Bush needs to fix NAFTA. Better yet, he needs to get rid of NAFTA and reform tarriffs and trade with China.

If the US "stole" Texas from Mexico, then China is "dumping" goods on the American market that are made by people paid less than a subsistence wage. These acts were -- or are -- motivated by the same unmitigated greed.

Our current trade arrangement with China is the ultimate reason people keep risking their lives to get across the border. No country can compete with a police state that rules the world's largest work force with an iron fist. Worse, China is still a Stalinist state that can pay most workers in peanuts.

Scheer also supports having undocumented workers pay back taxes and fines as part of an "amnesty" program? Is he kidding? Nothing discriminatory about that as a solution to the illegal immigration problem.

Bush is banging away at illegal immigration because it's the last issue he's got to divide and conquer the American people with. And it's somewhat sickening that Bush may actually have success in exploiting something that -- coincidentally -- evokes a visceral reaction on the part of many. Other than that his Presidency is DOA.

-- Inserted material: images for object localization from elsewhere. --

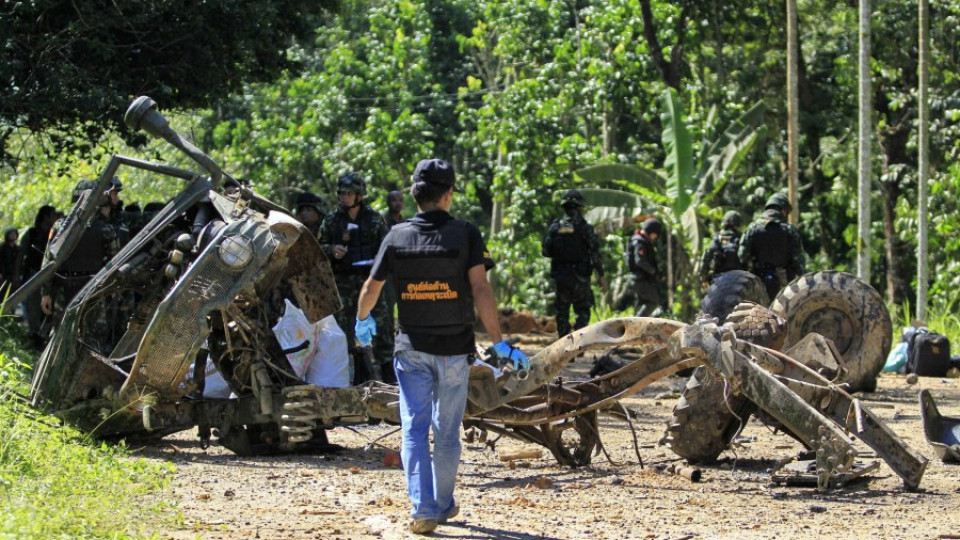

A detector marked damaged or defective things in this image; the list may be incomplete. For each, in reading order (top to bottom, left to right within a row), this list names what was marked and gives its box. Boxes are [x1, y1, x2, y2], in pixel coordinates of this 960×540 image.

wrecked vehicle [11, 96, 928, 490]
crumpled sheet metal [916, 388, 960, 464]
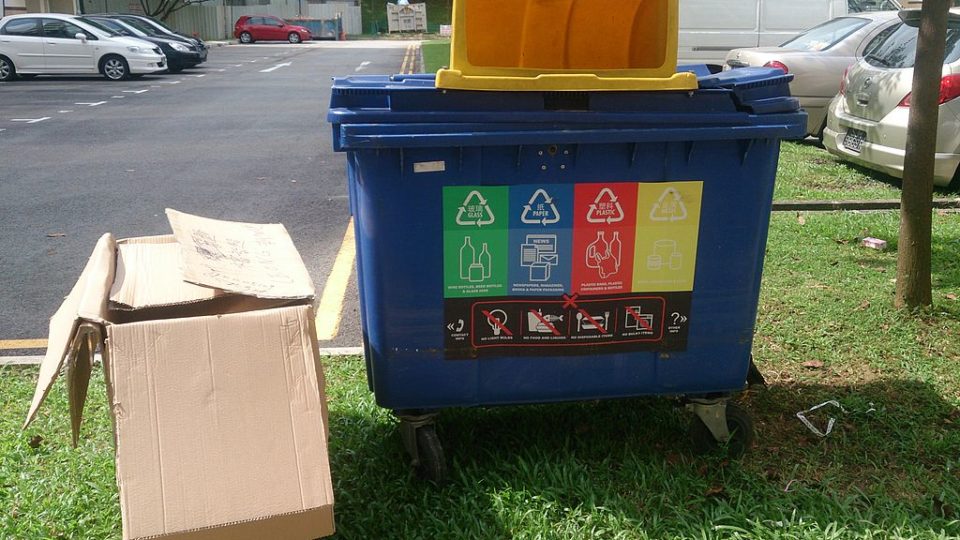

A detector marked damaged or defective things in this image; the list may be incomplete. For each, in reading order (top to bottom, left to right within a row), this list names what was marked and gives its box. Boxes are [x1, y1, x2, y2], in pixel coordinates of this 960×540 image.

torn cardboard flap [166, 208, 316, 300]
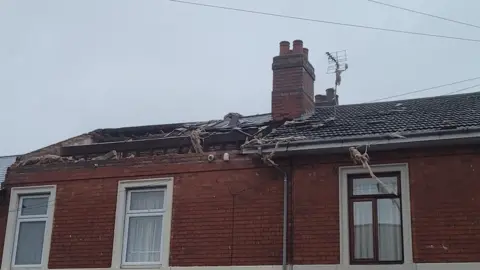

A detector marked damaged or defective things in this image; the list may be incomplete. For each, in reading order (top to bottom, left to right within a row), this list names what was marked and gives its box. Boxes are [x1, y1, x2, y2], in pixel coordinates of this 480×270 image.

damaged roof [262, 92, 480, 142]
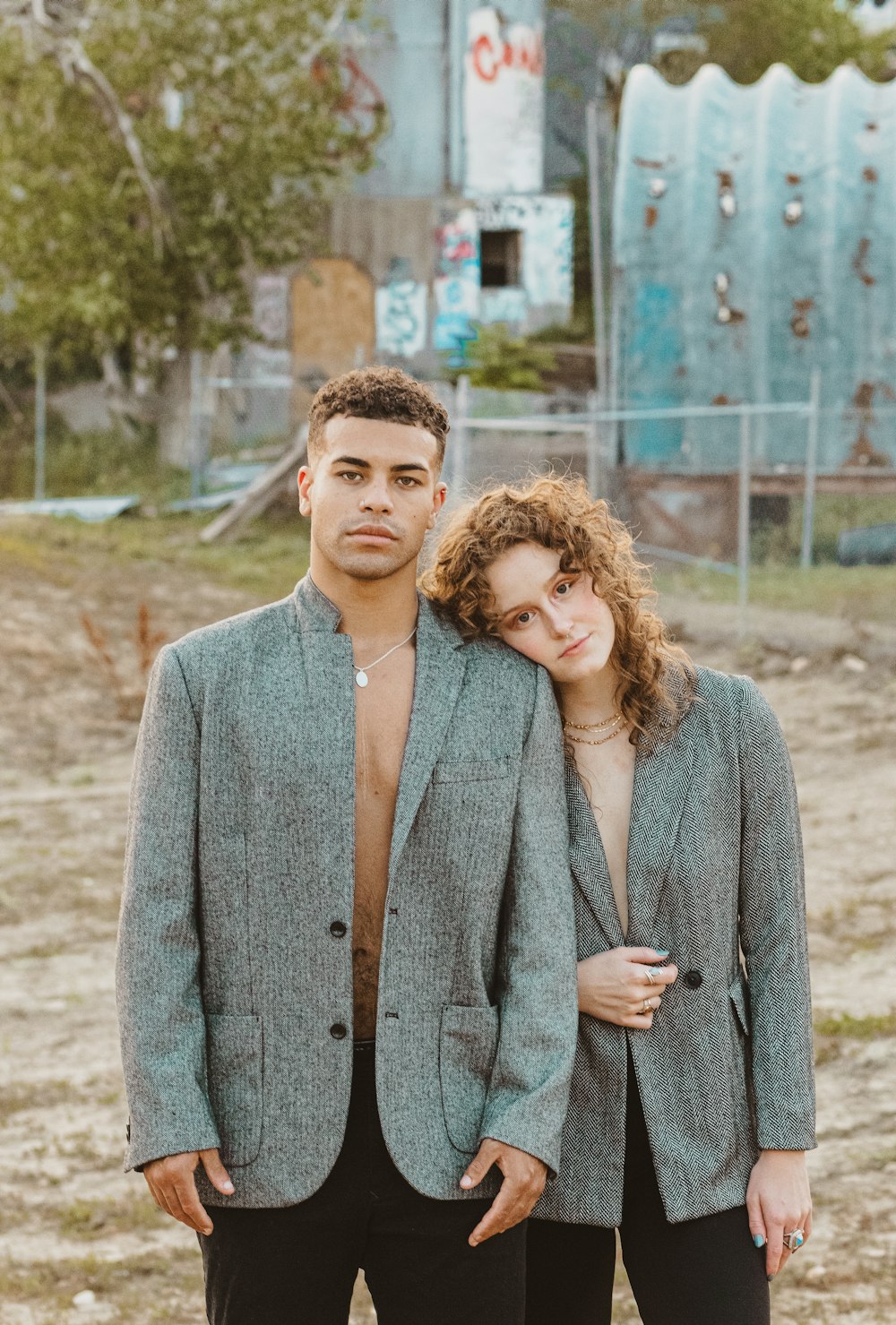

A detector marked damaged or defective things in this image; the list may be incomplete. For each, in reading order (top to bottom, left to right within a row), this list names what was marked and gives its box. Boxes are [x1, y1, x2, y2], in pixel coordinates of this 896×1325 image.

rusty metal panel [616, 65, 896, 477]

Existing laws are already in effect to curtail the flow of people seeking economic betterment. Undocumented workers are undocumented because Bush's GOP Pioneer employer friends keep buying off immigration investigators -- and their superiors. Meanwhile, Bush keeps sending Congress budgets that cut funding to what's left of the INS.

All Bush learned in Texas was what makes a real "Pioneer." That's why Scheer would make a great press secretary for Bush. We already know what Snow knows. Some may be fooled about Scheer's closet neo-conservatism becasue he writes for the Left, but right now Scheer's the Best PR for Bush that money can buy.